▶ [Instructions to follow] Leave the pictures out and print every record below exactly as it stands.

[Dataset entries]
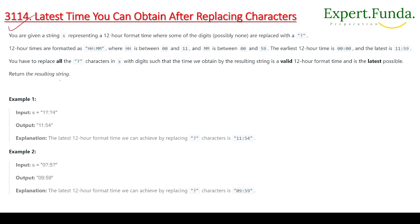The question is 3114: 'Latest Time You Can Obtain After Replacing Characters.' You are given a string s representing a 12-hour format time where some of the digits are possibly replaced with a question mark. The 12-hour time format is HH:MM, where hours range from 00 to 11 and minutes range from 00 to 59. The earliest time is 00:00 and the latest is 11:59.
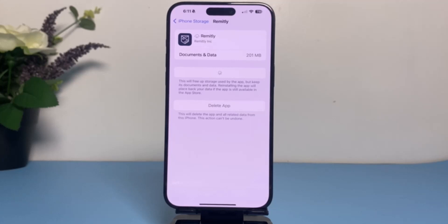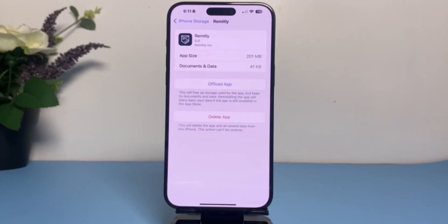Those are the ways on how you can fix your Remitly app not working. That was it for this video. Hope this was helpful — if it was, make sure you like this video and subscribe to our channel so that you don't miss out on further videos like these.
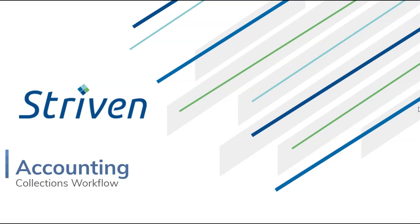Hello, my name is Brian Kinney and I'm a Striven ERP advisor, and welcome to our accounting lesson where we will be discussing collections workflow.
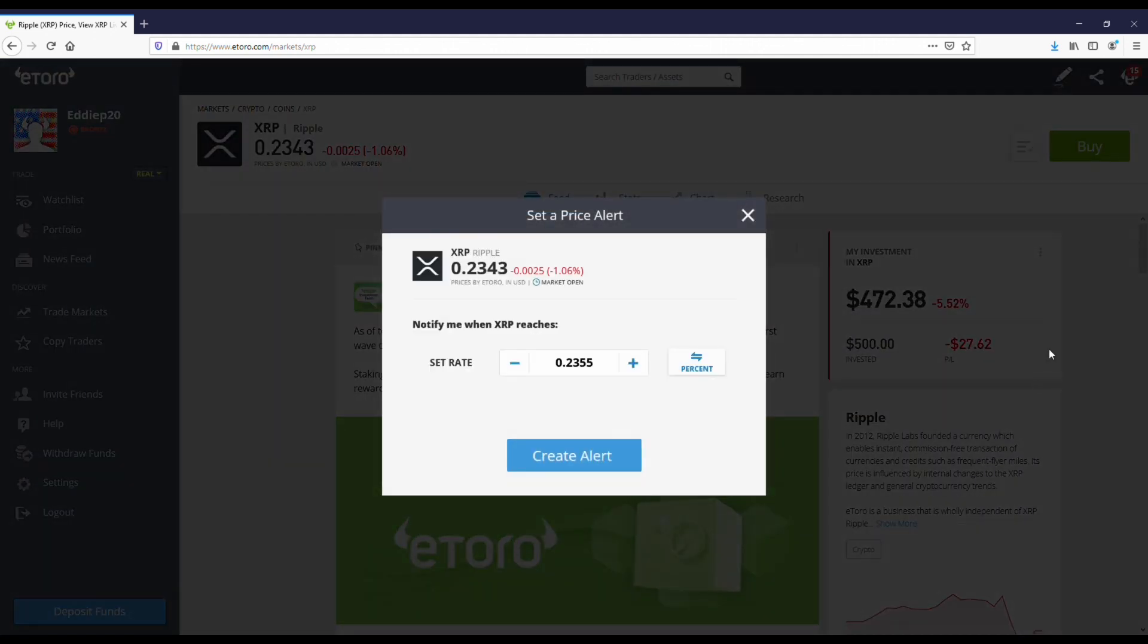In order to set price alerts, there's a little three-dot icon when you click on whatever coin you own. You just want to tap that and then you're going to see the price alert option at the bottom.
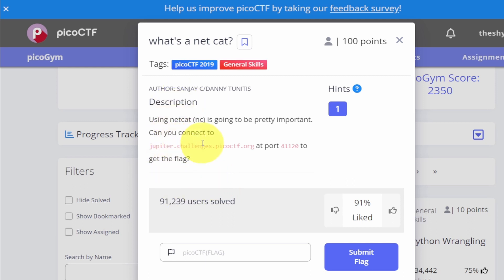Netcat is a networking utility that we can use to connect to servers on specific ports. You can use it to do a lot of different things, but one thing we frequently use netcat for is connecting to different servers. You can think of netcat as kind of like SSH, but it's slightly different and can do a bunch of different things.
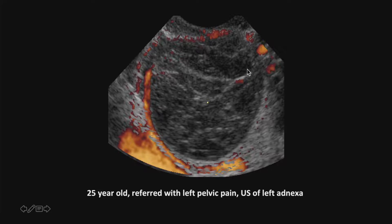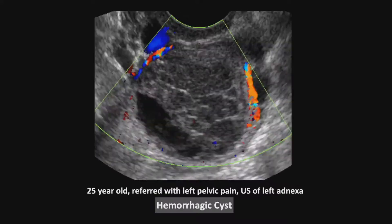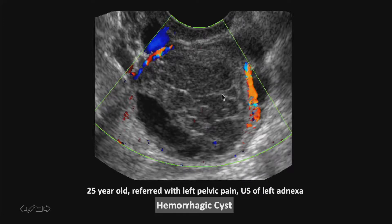So we asked the patient to come back. This is a classic hemorrhagic cyst. Here's the same patient on follow-up, and you see that this blood clot is starting to retract. So you have a fluid-solid level, and this reticular lacy pattern that you see inside is very characteristic of a hemorrhagic cyst.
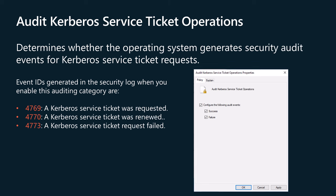The Audit Kerberos Service Ticket Operations policy determines whether the operating system generates security audit events for Kerberos service ticket requests. Events are generated every time Kerberos is used to authenticate a user who wants to access a protected network resource. Kerberos service ticket operation audit events can be used to track user activity. This subcategory contains events about issued Kerberos service ticket requests (TGSs) and failed TGS requests. Expected volume is very high on domain controllers. Microsoft recommends success auditing because you will see all Kerberos service ticket requests, which are part of service use and access requests by specific accounts. You can also see the IP address from which the account requested TGS, when TGS was requested, and which encryption type was used. Microsoft recommends failure auditing because you will see all failed requests and be able to investigate the reason for failure, and detect Kerberos issues or possible attack attempts.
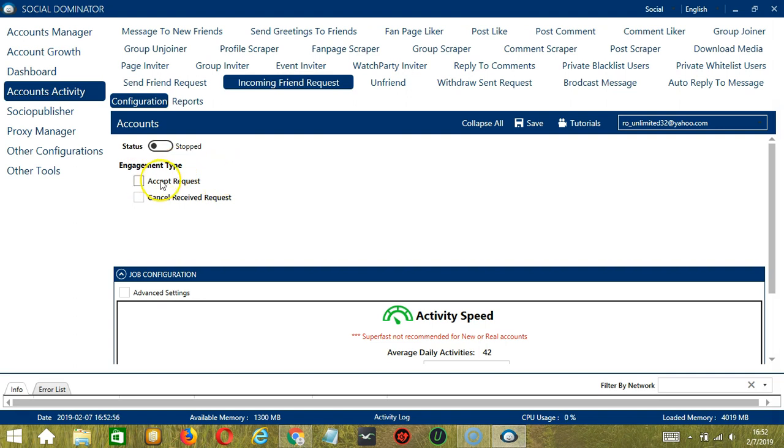So you have the option to either Accept Request or Cancel Received Request. So let's choose Accept.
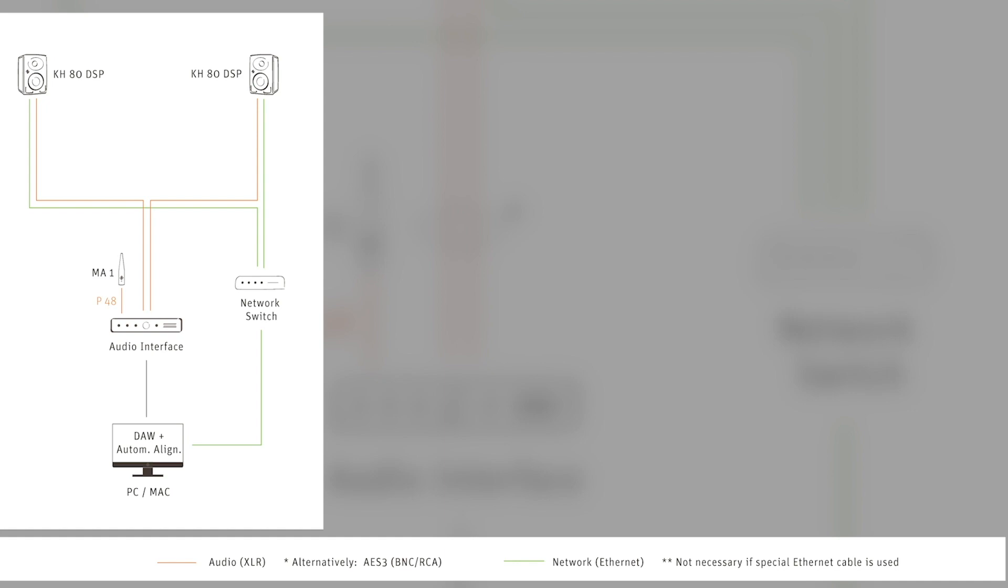So KH80 in this case, DSP loudspeakers, and the DSP loudspeakers of course are connected to the audio interface via analog signals and to the same audio interface also the MA1 microphone is connected to.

▶ [Problem solution]
The question is 3114: 'Latest Time You Can Obtain After Replacing Characters.' You are given a string s representing a 12-hour format time where some of the digits are possibly replaced with a question mark. The 12-hour time format is HH:MM, where hours range from 00 to 11 and minutes range from 00 to 59. The earliest time is 00:00 and the latest is 11:59.
Those are the ways on how you can fix your Remitly app not working. That was it for this video. Hope this was helpful — if it was, make sure you like this video and subscribe to our channel so that you don't miss out on further videos like these.
Hello, my name is Brian Kinney and I'm a Striven ERP advisor, and welcome to our accounting lesson where we will be discussing collections workflow.
In order to set price alerts, there's a little three-dot icon when you click on whatever coin you own. You just want to tap that and then you're going to see the price alert option at the bottom.
Netcat is a networking utility that we can use to connect to servers on specific ports. You can use it to do a lot of different things, but one thing we frequently use netcat for is connecting to different servers. You can think of netcat as kind of like SSH, but it's slightly different and can do a bunch of different things.
So we asked the patient to come back. This is a classic hemorrhagic cyst. Here's the same patient on follow-up, and you see that this blood clot is starting to retract. So you have a fluid-solid level, and this reticular lacy pattern that you see inside is very characteristic of a hemorrhagic cyst.
The Audit Kerberos Service Ticket Operations policy determines whether the operating system generates security audit events for Kerberos service ticket requests. Events are generated every time Kerberos is used to authenticate a user who wants to access a protected network resource. Kerberos service ticket operation audit events can be used to track user activity. This subcategory contains events about issued Kerberos service ticket requests (TGSs) and failed TGS requests. Expected volume is very high on domain controllers. Microsoft recommends success auditing because you will see all Kerberos service ticket requests, which are part of service use and access requests by specific accounts. You can also see the IP address from which the account requested TGS, when TGS was requested, and which encryption type was used. Microsoft recommends failure auditing because you will see all failed requests and be able to investigate the reason for failure, and detect Kerberos issues or possible attack attempts.
So you have the option to either Accept Request or Cancel Received Request. So let's choose Accept.
So KH80 in this case, DSP loudspeakers, and the DSP loudspeakers of course are connected to the audio interface via analog signals and to the same audio interface also the MA1 microphone is connected to.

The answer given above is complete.